This first round of interviewing is called generative research, where you ask what the problems are. This is in contrast to evaluative research, where you evaluate a design or prototype that already exists. My goal in these interviews was to find opportunities for solutions within transportation (with automation in mind). You should come in with a guideline of questions that you’re going to ask, but don’t plan on following it exactly. When participants say something interesting, ask for an example or a follow up question. The goal isn’t to find detailed answers, rather to find key insights. You should ask questions about the general idea (transportation), and not the final solution you have in mind already (ex: an app for the visually impaired to know when to go at a stoplight).

Here are the questions that I asked during my interviews:

  1. What kind(s) of transportation do you normally use? What are your reasons for selecting that mode of transportation?

  2. How often? What alternatives? Why don’t you use the alternatives more?

  3. What are the key problems you face today specifically related to your chosen mode of transportation? Are there realistic alternatives you could use to fix the problems you face today?

  4. What do you like most about that mode of transportation?

  5. Do you feel like your current transportation solution is a long term solution?

  6. If there was one thing you could change or remove from your usual transportation routine, what would it be?

During the interviews, only write down the things that surprise you. This will not only make it easier to sift through the data afterwards because there’s less of it, but it will also help you focus on what the key findings are and steer the interview in that direction. A lot of times, it’s not about finding specific numbers and statistics. Rather, the goal is to determine what the common key problems are so that they can be fixed.

Step 3: Reviewing and Interpreting the Interviews

After you’ve finished the interviews, create a vignette of each participant. This is an analysis of trends and key learnings from each interview. What were the main motivations for each person? Come up with an overarching reason for their choices, such as safety. Once you identify the motivator, go a level deeper and determine why they feel unsafe (ex: Participant feels unsafe from the rideshare’s driving skills, or other drivers’ distractions while they are driving). From there, you can find an idea of a solution (ex: a gamified app that encourages everyone to drive better).

Write a short summary of the session as a whole, as well. Start out by identifying if there are any outliers that should not be included in your analysis. For documentation, you might include things like:

  • What type of session did you use? (in my case, guerrilla interviews)

  • How did you find the interviewees? (I went up to Adobe employees at Adobe and asked if they had time for an interview)

  • How many did you interview? (I interviewed 10 people)

  • What type of interview- was it an observation? (Contextual interview)

  • How long were the interviews? (~20 minutes each)

  • What were the questions? (See above)

Then let the data drive the writeup. Don’t quantify the data with numbers- again, focus on the key trends.
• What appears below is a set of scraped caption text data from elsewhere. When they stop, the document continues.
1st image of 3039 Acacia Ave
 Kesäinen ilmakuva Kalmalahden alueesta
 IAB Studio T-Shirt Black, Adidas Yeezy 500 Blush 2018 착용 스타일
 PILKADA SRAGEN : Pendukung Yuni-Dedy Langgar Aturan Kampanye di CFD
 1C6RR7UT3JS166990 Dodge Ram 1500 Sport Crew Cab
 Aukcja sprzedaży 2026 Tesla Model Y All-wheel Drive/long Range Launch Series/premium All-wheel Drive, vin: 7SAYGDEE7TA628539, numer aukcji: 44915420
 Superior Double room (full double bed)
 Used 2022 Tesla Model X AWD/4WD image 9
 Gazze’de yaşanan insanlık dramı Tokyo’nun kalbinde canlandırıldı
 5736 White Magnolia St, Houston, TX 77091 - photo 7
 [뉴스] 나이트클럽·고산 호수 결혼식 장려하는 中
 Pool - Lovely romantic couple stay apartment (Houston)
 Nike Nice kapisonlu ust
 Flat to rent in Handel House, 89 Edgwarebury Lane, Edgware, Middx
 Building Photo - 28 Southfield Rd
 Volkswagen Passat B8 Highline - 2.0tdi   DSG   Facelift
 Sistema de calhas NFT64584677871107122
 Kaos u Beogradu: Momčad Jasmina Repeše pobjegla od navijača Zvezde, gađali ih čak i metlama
Try not to use quotes (because that goes back to quantifying the data), but if you do, it should only be an example that highlights a key trend.

Step 4: Brainstorming Solutions

Think high-level about what you learned, and then go more specific. You might have started noticing patterns across all of them. Look for these repeat behaviors, and identify which are feasible to create a solution for, and have potential to grow. Start by throwing all of your potential solutions on a wall. Then ask yourself counter arguments for these repeat behaviors and by thinking of the factors that affect why people do a certain activity. Some behaviors may be niche activities where users only do them once or twice a month, which wouldn’t make for a successful app. Keep asking counter arguments until you get to the root of a problem. I asked myself things like:

  • Would this idea make sense outside of San Francisco?

  • Do free company-provided rideshare cards sway which mode of transportation that users take?

  • Do users have a child, where taking a stroller prevents them from taking certain transportation?

After continuing this cycle of noticing patterns, brainstorming solutions, and asking counter arguments, you should have enough ideas where you have a few that stand and you feel are worth exploring. Don’t focus on just one solution and call it a day!

Step 5: Another Round of Interviews

It’s not yet time to start designing an app! You need a second round of interviews for concept validation. Because you now have a solution in mind, you’re validating if your findings map onto that idea. This question should be in the back of your mind: “Do you have the same problem that I think others like you have?” It’s crucial that you have the right participants in this round. The selection of people should all fall into the same group. For me, this round could include people who only use ride shares, or only women, or only people who don’t drive. You may want to conduct more interviews in various locations to get out of certain bubbles.

Step 6: Next Steps

Once you’ve nailed down your subsidiary area and solution, you can do yet again another set of interviews to narrow it down even further. There aren’t any pre-determined number of rounds of interviews that all researchers follow, but the point is to get to a place where you have confidence in an idea.

Then, start designing the solution from a high-level, whether it’s on a whiteboard, talking it out, getting input from stakeholders, etc. Make sure to put the solution in front of users often to continue validating that you’re going in the right direction and not designing something that no one wants or needs. Research is just as important as the user experience or visual design. In fact, it’s crucial to making informed decisions when building products for an enjoyable and logical user experience.